• Exercise goal
Exactly the lines from the one containing "Oyo Oakcroft Guest" through the end of the listing should be written out, both ends included, and nothing more.
**********
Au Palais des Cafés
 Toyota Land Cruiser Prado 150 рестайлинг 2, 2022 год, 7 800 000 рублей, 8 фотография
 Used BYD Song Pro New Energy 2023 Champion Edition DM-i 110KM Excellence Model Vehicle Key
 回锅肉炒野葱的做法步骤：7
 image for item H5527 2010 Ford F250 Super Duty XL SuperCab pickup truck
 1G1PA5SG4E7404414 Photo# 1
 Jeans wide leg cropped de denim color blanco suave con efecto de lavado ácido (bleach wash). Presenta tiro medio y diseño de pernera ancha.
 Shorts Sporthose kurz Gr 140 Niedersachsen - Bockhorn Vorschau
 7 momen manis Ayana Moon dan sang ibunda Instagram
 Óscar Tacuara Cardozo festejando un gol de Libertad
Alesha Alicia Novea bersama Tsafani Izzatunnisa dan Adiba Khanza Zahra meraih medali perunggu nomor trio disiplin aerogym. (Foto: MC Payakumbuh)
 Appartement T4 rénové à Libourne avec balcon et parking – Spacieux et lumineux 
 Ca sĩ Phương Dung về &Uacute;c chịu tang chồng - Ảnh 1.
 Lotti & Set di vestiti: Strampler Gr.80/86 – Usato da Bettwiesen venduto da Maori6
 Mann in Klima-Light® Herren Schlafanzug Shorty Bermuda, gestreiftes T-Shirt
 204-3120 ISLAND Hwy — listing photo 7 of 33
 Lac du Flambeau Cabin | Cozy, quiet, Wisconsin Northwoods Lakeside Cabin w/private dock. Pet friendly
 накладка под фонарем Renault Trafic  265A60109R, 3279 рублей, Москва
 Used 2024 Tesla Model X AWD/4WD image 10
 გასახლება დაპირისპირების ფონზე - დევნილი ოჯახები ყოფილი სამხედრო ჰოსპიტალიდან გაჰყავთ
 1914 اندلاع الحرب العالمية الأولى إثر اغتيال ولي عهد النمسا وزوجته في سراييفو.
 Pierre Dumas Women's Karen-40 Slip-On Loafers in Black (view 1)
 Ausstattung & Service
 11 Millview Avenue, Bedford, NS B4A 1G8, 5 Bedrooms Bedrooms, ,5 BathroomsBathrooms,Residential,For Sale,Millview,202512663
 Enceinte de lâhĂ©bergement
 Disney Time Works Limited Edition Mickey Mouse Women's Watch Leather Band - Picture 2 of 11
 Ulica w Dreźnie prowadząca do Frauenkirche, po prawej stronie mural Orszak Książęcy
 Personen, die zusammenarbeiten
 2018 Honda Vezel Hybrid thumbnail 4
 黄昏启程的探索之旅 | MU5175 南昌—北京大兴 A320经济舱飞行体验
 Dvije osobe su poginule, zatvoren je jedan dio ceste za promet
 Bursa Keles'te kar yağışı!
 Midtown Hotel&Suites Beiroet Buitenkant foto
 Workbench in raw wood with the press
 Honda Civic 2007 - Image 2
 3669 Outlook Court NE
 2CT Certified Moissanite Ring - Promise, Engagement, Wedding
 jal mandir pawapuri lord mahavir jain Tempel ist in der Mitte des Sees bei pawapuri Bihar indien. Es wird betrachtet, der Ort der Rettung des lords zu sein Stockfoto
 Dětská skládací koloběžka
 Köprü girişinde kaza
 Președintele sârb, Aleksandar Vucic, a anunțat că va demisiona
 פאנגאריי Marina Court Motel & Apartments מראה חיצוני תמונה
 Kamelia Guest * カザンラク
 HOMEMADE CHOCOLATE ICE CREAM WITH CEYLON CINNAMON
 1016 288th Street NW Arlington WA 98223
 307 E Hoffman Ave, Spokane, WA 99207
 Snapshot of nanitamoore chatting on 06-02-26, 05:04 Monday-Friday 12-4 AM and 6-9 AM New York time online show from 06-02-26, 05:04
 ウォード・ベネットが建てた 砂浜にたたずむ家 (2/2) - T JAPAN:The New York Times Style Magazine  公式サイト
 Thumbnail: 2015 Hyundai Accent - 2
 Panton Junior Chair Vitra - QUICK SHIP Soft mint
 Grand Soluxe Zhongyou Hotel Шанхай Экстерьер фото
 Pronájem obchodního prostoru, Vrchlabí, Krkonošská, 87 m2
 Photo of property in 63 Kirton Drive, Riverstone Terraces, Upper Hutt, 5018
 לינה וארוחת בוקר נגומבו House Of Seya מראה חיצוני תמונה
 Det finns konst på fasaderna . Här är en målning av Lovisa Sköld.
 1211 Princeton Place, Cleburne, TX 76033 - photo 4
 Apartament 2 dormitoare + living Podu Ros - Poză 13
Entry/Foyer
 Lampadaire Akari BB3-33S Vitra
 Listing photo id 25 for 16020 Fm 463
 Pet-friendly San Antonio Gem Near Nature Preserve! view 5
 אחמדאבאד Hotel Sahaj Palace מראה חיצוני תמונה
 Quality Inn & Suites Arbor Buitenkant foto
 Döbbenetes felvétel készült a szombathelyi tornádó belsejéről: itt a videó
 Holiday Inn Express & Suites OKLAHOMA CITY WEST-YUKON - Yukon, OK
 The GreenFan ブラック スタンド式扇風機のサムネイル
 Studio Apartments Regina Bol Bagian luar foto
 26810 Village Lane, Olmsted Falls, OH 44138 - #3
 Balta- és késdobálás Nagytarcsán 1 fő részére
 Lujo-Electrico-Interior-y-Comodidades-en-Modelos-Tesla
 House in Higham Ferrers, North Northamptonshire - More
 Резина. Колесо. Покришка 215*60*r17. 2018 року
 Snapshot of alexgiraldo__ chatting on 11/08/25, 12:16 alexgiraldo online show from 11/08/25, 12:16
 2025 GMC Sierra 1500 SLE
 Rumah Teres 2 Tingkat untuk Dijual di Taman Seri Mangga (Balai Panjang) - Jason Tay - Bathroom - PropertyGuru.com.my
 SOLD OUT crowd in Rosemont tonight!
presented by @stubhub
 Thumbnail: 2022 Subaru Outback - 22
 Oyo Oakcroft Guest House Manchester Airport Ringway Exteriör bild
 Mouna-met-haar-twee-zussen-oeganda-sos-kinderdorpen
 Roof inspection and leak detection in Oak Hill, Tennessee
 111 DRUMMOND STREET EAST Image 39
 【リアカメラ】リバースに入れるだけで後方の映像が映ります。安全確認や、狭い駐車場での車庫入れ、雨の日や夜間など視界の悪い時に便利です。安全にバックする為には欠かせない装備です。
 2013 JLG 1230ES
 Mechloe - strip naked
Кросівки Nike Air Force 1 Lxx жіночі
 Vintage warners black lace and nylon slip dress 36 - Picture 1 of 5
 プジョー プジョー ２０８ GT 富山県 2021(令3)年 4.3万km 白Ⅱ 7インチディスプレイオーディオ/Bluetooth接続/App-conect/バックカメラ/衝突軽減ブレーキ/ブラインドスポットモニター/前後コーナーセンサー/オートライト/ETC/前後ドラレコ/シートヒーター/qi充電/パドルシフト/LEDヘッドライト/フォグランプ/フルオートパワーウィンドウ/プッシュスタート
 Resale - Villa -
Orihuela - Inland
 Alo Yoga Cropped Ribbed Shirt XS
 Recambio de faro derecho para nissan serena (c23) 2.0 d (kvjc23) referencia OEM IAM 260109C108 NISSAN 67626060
**********
• Response to the task
 Oyo Oakcroft Guest House Manchester Airport Ringway Exteriör bild
 Mouna-met-haar-twee-zussen-oeganda-sos-kinderdorpen
 Roof inspection and leak detection in Oak Hill, Tennessee
 111 DRUMMOND STREET EAST Image 39
 【リアカメラ】リバースに入れるだけで後方の映像が映ります。安全確認や、狭い駐車場での車庫入れ、雨の日や夜間など視界の悪い時に便利です。安全にバックする為には欠かせない装備です。
 2013 JLG 1230ES
 Mechloe - strip naked
Кросівки Nike Air Force 1 Lxx жіночі
 Vintage warners black lace and nylon slip dress 36 - Picture 1 of 5
 プジョー プジョー ２０８ GT 富山県 2021(令3)年 4.3万km 白Ⅱ 7インチディスプレイオーディオ/Bluetooth接続/App-conect/バックカメラ/衝突軽減ブレーキ/ブラインドスポットモニター/前後コーナーセンサー/オートライト/ETC/前後ドラレコ/シートヒーター/qi充電/パドルシフト/LEDヘッドライト/フォグランプ/フルオートパワーウィンドウ/プッシュスタート
 Resale - Villa -
Orihuela - Inland
 Alo Yoga Cropped Ribbed Shirt XS
 Recambio de faro derecho para nissan serena (c23) 2.0 d (kvjc23) referencia OEM IAM 260109C108 NISSAN 67626060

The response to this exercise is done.